# Salt Water Newbie



## tigerdad30529 (Jul 12, 2017)

My son and I went and fished off a dock down here at new Smyrna beach this morning.
First time for both of us.
We caught a few pinfish and mangrove snapper.

But my question is:
What is this?


----------



## Fourfingers (Jul 12, 2017)

We call them needle fish but not for sure that's the correct name. They a nasty booger if they bite ya


----------



## Dustin Pate (Jul 12, 2017)

Needlefish/Houndfish


----------



## tigerdad30529 (Jul 12, 2017)

Thanks fellas!

It looked like a saltwater gar, but it's body was silky smooth, unlike a gar.


----------



## teethdoc (Jul 13, 2017)

Throw one of those pinfish out as bait and see what hits it.


----------



## tigerdad30529 (Jul 13, 2017)

Actually we did, then the other pin fish and snapper cleaned it to the bone like piranha. LOL

New to saltwater fishing, we were just off a dock down here, definitely do something different next year.


----------



## T-Boy (Jul 24, 2017)

tigerdad30529 said:


> Actually we did, then the other pin fish and snapper cleaned it to the bone like piranha. LOL
> 
> New to saltwater fishing, we were just off a dock down here, definitely do something different next year.



Rinse your reels really good after each trip. The saltwater doesn't like metal and moving parts. lol.


----------



## swamp hunter (Jul 24, 2017)

Dustin Pate said:


> Needlefish/Houndfish



Negative..Hound fish is really big and lives offshore.
They'll Skip like a Flying Fish will.
Bout 3 to 4 ft and pretty fat for a Needlefish type.
Put that Needlefish on a jig hear and fish it around Snook and Reds...


----------



## pottydoc (Jul 25, 2017)

What swamp said. I've seen houndies  4' long before while yellowtailing. They'll bite the crud out of you given the chance.


----------



## swamp hunter (Jul 26, 2017)

YES They Will..


----------



## Jack Straw (Aug 2, 2017)

Smyrna Dunes Park (at the north end of NSB) gives you access to both the Atlantic and the Intracoastal Waterway. There is a jetty and pier on the Atlantic side and a new fishing pier on the river side. 

I haven't fished at the park much because I have always had pretty good luck surf fishing.

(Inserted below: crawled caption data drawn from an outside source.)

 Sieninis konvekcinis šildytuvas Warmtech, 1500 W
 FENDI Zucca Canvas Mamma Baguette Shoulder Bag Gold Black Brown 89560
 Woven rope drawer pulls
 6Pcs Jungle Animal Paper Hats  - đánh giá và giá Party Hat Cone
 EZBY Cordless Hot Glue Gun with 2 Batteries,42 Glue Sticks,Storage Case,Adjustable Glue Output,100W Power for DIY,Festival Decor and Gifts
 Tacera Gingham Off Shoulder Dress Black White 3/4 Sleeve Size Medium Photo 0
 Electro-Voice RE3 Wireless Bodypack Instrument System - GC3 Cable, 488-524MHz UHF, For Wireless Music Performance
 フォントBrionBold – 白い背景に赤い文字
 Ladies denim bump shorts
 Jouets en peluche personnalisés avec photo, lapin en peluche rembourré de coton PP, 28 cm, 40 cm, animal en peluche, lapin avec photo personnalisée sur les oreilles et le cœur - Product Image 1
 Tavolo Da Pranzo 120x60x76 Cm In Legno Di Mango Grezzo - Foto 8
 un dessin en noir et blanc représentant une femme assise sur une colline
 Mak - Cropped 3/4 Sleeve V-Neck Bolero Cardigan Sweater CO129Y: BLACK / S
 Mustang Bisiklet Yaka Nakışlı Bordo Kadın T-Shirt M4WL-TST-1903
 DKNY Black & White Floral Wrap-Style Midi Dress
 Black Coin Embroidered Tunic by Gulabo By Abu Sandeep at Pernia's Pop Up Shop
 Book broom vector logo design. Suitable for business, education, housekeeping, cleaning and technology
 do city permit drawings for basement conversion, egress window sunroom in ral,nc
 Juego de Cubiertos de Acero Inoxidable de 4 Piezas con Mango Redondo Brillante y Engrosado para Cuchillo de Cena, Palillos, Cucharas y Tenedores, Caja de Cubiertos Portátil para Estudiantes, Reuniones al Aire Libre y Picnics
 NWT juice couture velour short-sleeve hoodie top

A few years ago I picked up a Shakespeare surf/pier 8 ft. combo rod & reel at Dick's for $35.ish; it still works great.  The key is to rinse everything off daily and give it a good soapy wash at the end of the trip. My point being is that it doesn't take a massive investment in specialized equipment to fish the surf (or piers). The Walmart at NSB has plenty of similarly priced outfits to get you started. Toss in a couple of 3 & 4 ounce pyramid weights, a few pompano rigs, & bait and you're set. 

For me being there with the family, surf fishing is perfectly enjoyable and relaxing. I get up at daybreak, throw on shorts and a shirt, grab my gear and in 5 minutes I am slinging bait. I've caught pompano, whiting, sharks, catfish, blues, jacks, ladyfish and a few stingrays; I welcome the tug of anything that wants to take my bait. Sometimes the wife and kids join me and sometimes they don't - I'm good either way.


----------



## swamp hunter (Aug 2, 2017)

You want to Liven up your Fishing and keep them Kids smiling..?
Get a Cast net..bout a 6 ft,er. Not to heavy , 3/8ths Mesh and a 5 gal. bucket with a lid , maybe some drain holes drilled in it.
You catch fresh live bait and them kids catch anything that swims by. It will keep them busy for hours and you can turn it into a Learning experience for them as well. 
Fish Guide book  Cast net , and Kids..Great way to spend a day..


----------